Нет ли у Гоголя такой закономерности: все, что высказывается страстно и возвышенно, рано или поздно, а может быть, и в другом произведении, как эхо, откликается пародийным снижением, – чаще всего, проходя через уста пошляка – этого автомата для изготовления пародий.
«А человек без честного рода и потомства, что хлебное семя, кинутое в землю и пропавшее даром в земле» – это «Страшная месть». А вот отклик в «Мертвых душах»: «Уже известно, что Чичиков сильно заботился о своих потомках». Он боялся не просто «пропасть, как волдырь на воде», а еще и пропасть, не оставивши потомства!
«Отчизна моя – ты!.. И все, что ни есть, продам, отдам, погублю за такую отчизну!» – вот любовь, отказывающаяся повиноваться людским законам («Тарас Бульба»). И она же у Хлестакова: «Для любви нет различия: и Карамзин сказал: «Законы осуждают». Мы удалимся под сень струй». Хлестакова тоже посещают высокие мечты: «Скучно, брат, так жить, хочешь, наконец, пищи для души. Вижу, точно надо чем-нибудь высоким заняться».
«Нет такого благородного чувства, такой глубокой мысли, которые не могли бы, стершись, выветрившись, благодаря этому хлестаковскому гению совращения, облегчения, сделаться серой пылью», – писал Дмитрий Сергеевич Мережковский в своем исследовании «Гоголь и черт». «Гоголь – первый, – разъясняет Мережковский, – увидел невидимое и самое страшное, вечное зло не в трагедии, а в отсутствии всего трагического, не в силе, а в бессилье, не в безумных крайностях, а в слишком благоразумной середине». Вечное зло пошлости, стирающей в серую пыль все крупное и яркое, а вовсе не преходящие несовершенства социального устройства – вот, по мнению Мережковского, единственный предмет гоголевского творчества.
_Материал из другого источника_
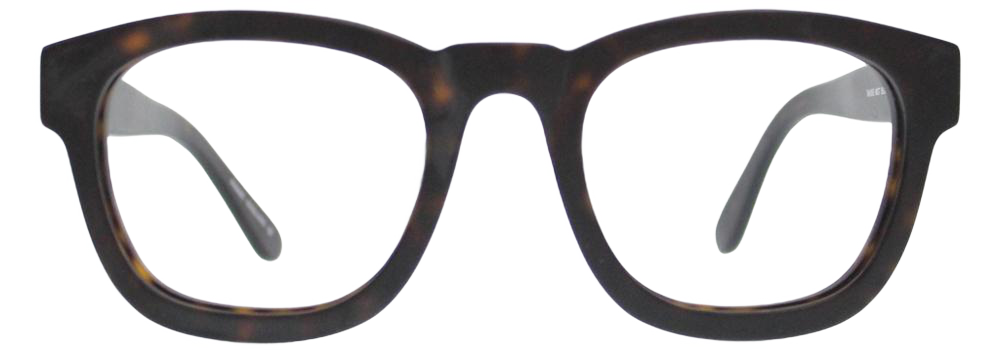 Matt Dark Tortoiseshell - Front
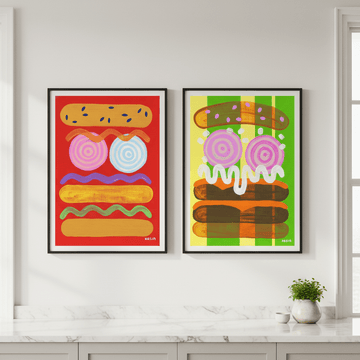 Sweet & Spicy Set of 2 by Kasia Sykus wall - art - picture - poster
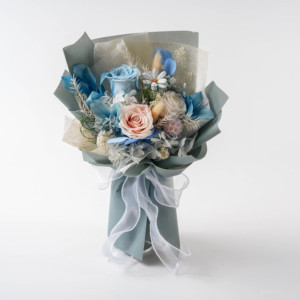 Tendance 2026 : <span class=keywords><strong>Bouquet</strong></span> <span class=keywords><strong>de</strong></span> fleurs éternelles personnalisable, cadeau idéal pour la fête des Mères, décoration intérieure et mariage - Product Image 3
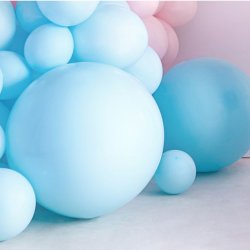 Ballon - Pastel Lysebl - 60 cm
Даже единственный! Сказано глубоко – но не слишком ли решительно? Почему же тогда в самих гоголевских текстах нет ни тени того, что хоть сколько-нибудь напоминало серую пыль? Наоборот – все сверкает и гремит! Дорога до местечка Сорочинцы (не Рим, не Париж!) кипит народом, а ярмарка гремит, подобно водопаду: волы, мешки, сено, цыганы, горшки, бабы, пряники, шапки – все ярко, пестро, нестройно. Слова оказываются едва ли даже не аппетитнее самих вещей – особенно те, которые Гоголь намеренно подобрал полупонятными: горячий кныш с маслом, варенуха с изюмом и сливами, путря с молоком. Днепр – река, конечно, почтенная, но чтобы уж прямо «нет ему равной реки в мире», «редкая птица долетит до середины Днепра»… Так ведь в мире Гоголя – это уже какой-то как будто другой Днепр (осмелимся на снижение: как в мире Хлестакова есть и другой «Юрий Милославский»), все предметы в этом мире становятся чем-то иным, не бытовым, не будничным. «Горы те – не горы: подошвы у них нет; внизу их, как и вверху, острая вершина, и под ними высокое небо. Те леса, что стоят на холмах, не леса: то волосы, поросшие на косматой голове лесного деда. Под нею в воде моется борода, и под бородою, и над волосами высокое небо».